L'acquis de croissance pour l'ensemble de l'année 2019, à savoir l'évolution du PIB si l'activité stagnait complètement au cours des trois prochains trimestres de l'année, se maintient à 0,8%, comme en première estimation.

Par rapport aux premières estimations publiées à la fin avril, l'Insee a confirmé les contributions à la croissance du premier trimestre du commerce extérieur (-0,3 point) et des variations des stocks des entreprises (+0,3 point), tandis que celle de la demande intérieure finale, traditionnel moteur de la croissance française, a été révisée en légère hausse, à +0,4 point contre +0,3 point initialement.

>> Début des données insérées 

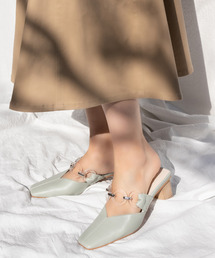 RANDA | ソフト 甲ベルトアクリルパーツミュールパンプス(パンプス)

FORTE APPÉTENCE POUR L'ÉPARGNE

Sur les trois premiers mois de l'année, la progression du pouvoir d'achat des Français est restée solide malgré un léger ralentissement, profitant notamment des dispositions annoncées par le gouvernement en fin d'année dernière pour tenter d'apaiser la grogne des "Gilets jaunes", d'un montant d'environ dix milliards d'euros.

Sa hausse de 0,9% (après 1,1% fin 2018), a ainsi été alimentée entre autres par les primes exceptionnelles exonérées de charges versées par certaines entreprises, la revalorisation et l'élargissement de la prime d'activité ou encore les heures supplémentaires défiscalisées.

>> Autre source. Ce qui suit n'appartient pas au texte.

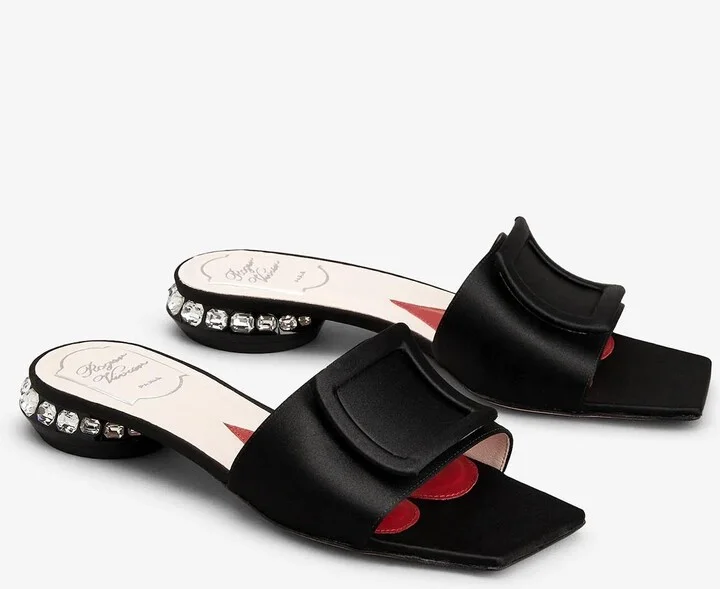 Strass Heel Flat Mules in Satin and Leather - Image 2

Cette franche progression du pouvoir d'achat ne s'est pourtant accompagnée que d'une accélération limitée des dépenses de consommation des ménages (+0,4% après +0,3% au quatrième trimestre 2018), les ménages préférant en profiter pour gonfler leur bas de laine, comme en témoignent les niveaux élevés de collecte des derniers mois pour l'assurance vie et le Livret A.

Conséquence: le taux d'épargne des ménages a augmenté de 0,4 point à 15,3%, au plus haut depuis le troisième trimestre 2012, au plus fort de la crise de la dette grecque.

"Cette propension à épargner s'explique par le maintien des incertitudes économiques et sociales", estime Philippe Crevel, directeur du think tank le Cercle de l'épargne.

"Après la grave crise des 'Gilets jaunes', les ménages restent sur leurs gardes et ont tendance à différer leurs achats durables. Ils doutent de la poursuite de cette politique favorable du pouvoir d'achat et de la baisse de l'inflation", observe-t-il dans une note.

Plus de six mois après ses débuts, ce mouvement de contestation ne s'est toujours pas éteint - même si la mobilisation lors des manifestations du samedi s'est largement étiolée - en dépit des cinq milliards d'euros de baisse d'impôt promis aux ménages par Emmanuel Macron à la suite du "grand débat".

En ce qui concerne les entreprises, qui cumulent cette année les fonds CICE versés au titre de l'année 2018 et la réduction de leurs cotisations sociales, elles ont vu leur taux de marge bondir de 1,1 point au premier trimestre. A 32,6%, il s'établit à un plus haut depuis le troisième trimestre 2008, c'est-à-dire juste avant le déclenchement de la crise financière.